Dans les conclusions qu’il a remises aux magistrats, il invoque à plusieurs reprises la mauvaise foi des huit locataires. Il rappelle que 60 % des locataires voient leur loyer diminuer, et ce, de manière non négligeable dans de nombreux cas”. Selon lui, citant la jurisprudence, “les augmentations des loyers décidées en l’espèce (…) procèdent de la nécessité de financer les travaux d’amélioration réalisés – la subvention de l’Etat ne pouvant évidemment y suffire”. Il écrit encore : “avec un certain aplomb, les locataires ne craignent pas d’oser prétendre que les travaux réalisés dans le courant de l’année 2002 ne sont pas encore achevés en 2012″, alors que les procès verbaux ont fait foi de l’achèvement des travaux.

Jean-Pierre Brard à l'Assemblée Nationale, février 2012. Cc Ophelia Noor/Owni

Selon l’ancien député-maire de l’époque, Jean-Pierre Brard, membre du groupe Gauche démocrate et républicaine (GDR), la mauvaise foi incombe plutôt à Emmaüs Habitat. “Là où on a été abusé, c’est le décalage entre l’image d’Emmaüs et la réalité. Pour les locataires, comme pour moi, la reprise par Emmaüs était un facteur de tranquillité. Leur objectif ne peut pas être la rentabilité au sens financier (…) Emmaüs n’a pas vocation à dégager des excédents comme n’importe quelle société cotée au CAC 40 !” Jean-Pierre Brard a d’ailleurs adressé une lettre à la directrice générale d’Emmaüs Habitat :

Le plus insupportable dans cette affaire, est le décalage entre le discours national d’Emmaüs et vos pratiques vis-à-vis de vos locataires. Un certaine nombre de faits m’ont été rapportés, tels que des pressions ou des harcèlements moraux sur les locataires. Certains, sous contraintes psychologiques, ont dû signer des reconnaissances de dettes.

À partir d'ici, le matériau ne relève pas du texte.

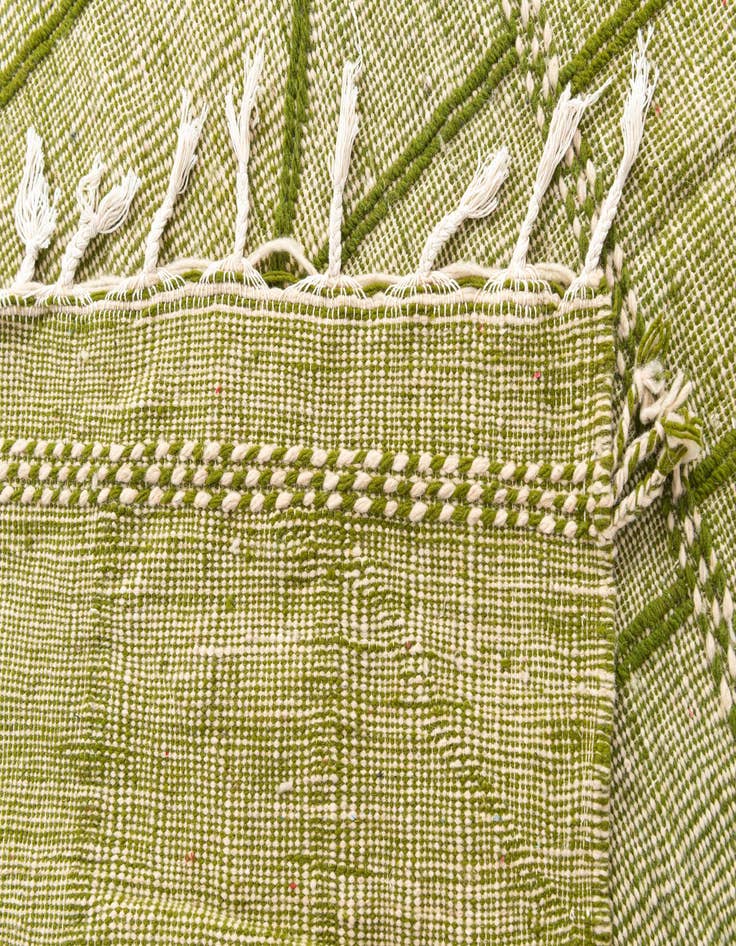 Detail image of  5' x 8' 5  Hand Knotted Moroccan Wool Rug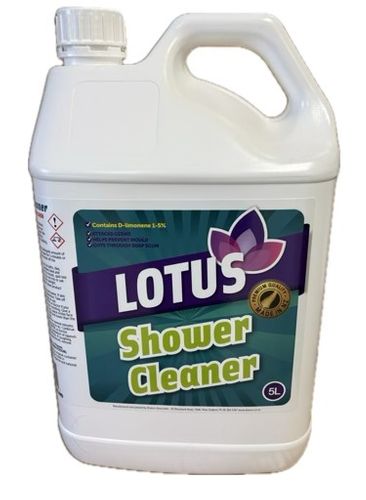 LOTUS SHOWER CLEANER 5LT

Contacté à plusieurs reprises, Emmaüs Habitat n’a pas souhaité s’exprimer sur le sujet. Uniques déclarations de son avocat : “On n’est pas au stade de l’expulsion (…) Ce n’est pas dans la tradition d’Emmaüs de procéder à des expulsions”. Dans son dernier rapport sur le logement, la Fondation Abbé-Pierre estime de son côté :

Alors que les situations de fragilité des ménages se sont amplifiées au cours des dernières années (…) l’engagement plus systématique des procédures d’expulsion par les bailleurs suscite les plus vives inquiétudes pour les années à venir.